Measuring accounting metrics of the job

ARC CE has built-in capabilities to collect information about per-job resource consumption. This includes both ARC CE resources (e.g. data transfers, software environments) and worker nodes resources (e.g. CPU and memory usage). The full list of attributes stored in the A-REX Accounting Records (AAR) can be found in this document.

A-REX can use different methods (described below) to measure memory and CPU usage on the worker nodes, depending on their availability in the particular deployment case.

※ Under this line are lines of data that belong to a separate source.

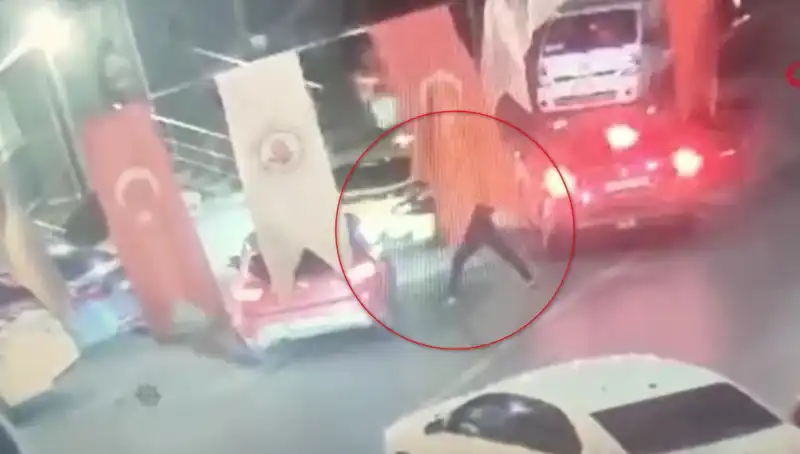 Kağıthane'de Sokak Ortasında Dehşet: Otomobilden Açılan Ateşle Genç Hayatını Kaybetti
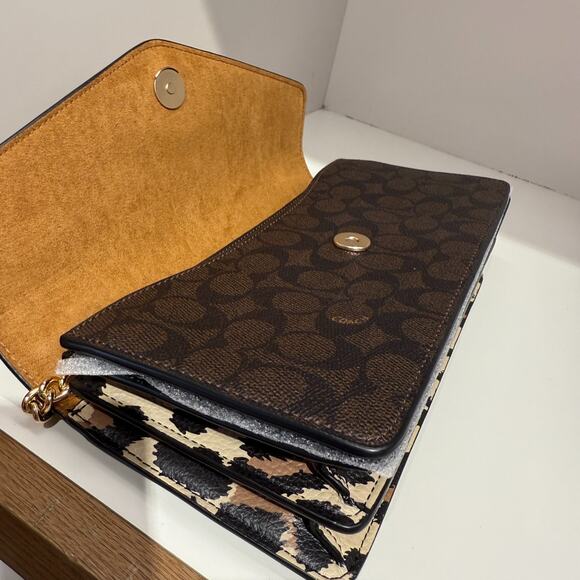 Coach Klare Envelope Crossbody Bag In Signature Canvas With Leopard Print CCD02 - Picture 6 of 13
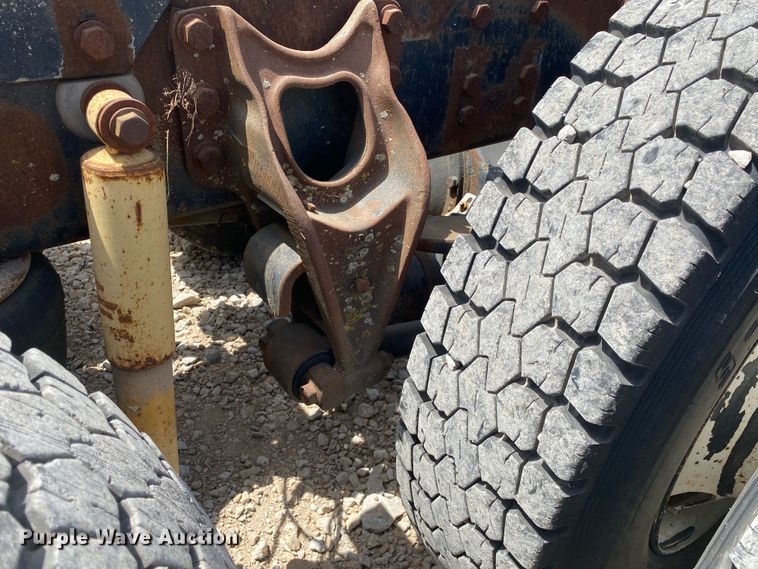 image for item DM4178 1993 International 9400  semi truck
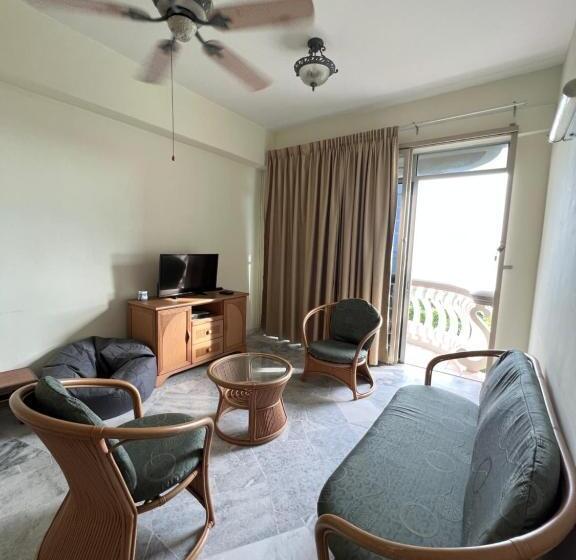 בית מלון כפרי Leisure Homestay Glory Beach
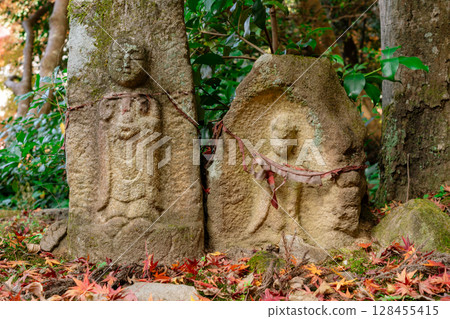 Photographing Kamanokuchiyama Chogakuji Temple in Tenri City, Nara Prefecture, in the height of autumn foliage Photographing Kamanokuchiyama Chogakuji Temple in Tenri City, Nara Prefecture, in the height of autumn foliage 128455415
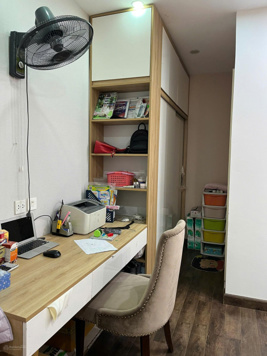 Bán căn hộ Gold Season tòa lâu dài tầng trung đẹp (Giá thương lượng)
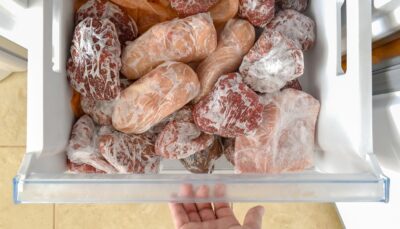Greșeala pe care mulți români o fac cu carnea de miel la congelator! Cât timp poate fi păstrată, de fapt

Measuring memory and CPU usage on the WN with cgroups

New in version 6.2.

When recent versions of GNU/Linux OS are used on the worker nodes the most precise and transparent way to measure all job workload is to rely on the cgroups kernel subsystem. Any systemd-based Linux distribution relies on cgroups heavily and they are already used.

Note

Some older operating systems may require mounting the cgroups tree explicitly. For example in RHEL6 it can be easily done with libcgroup:

[root ~]# yum install libcgroup
[root ~]# service cgconfig start

The benefit of using cgroups is that everyting will be accounted. Even if several payloads are executed (e.g. in pilot mode) or extra helper processes are spawned - the resource accounting will be accurate for the all workload done.

Enabling cgroups usage

To be able to use cgroups for accounting ARC needs an extra tool installed on the worker nodes – the arc-job-cgroup. Based on the tool availability, the job script will or will NOT use cgroups for measuring accounting metrics automatically.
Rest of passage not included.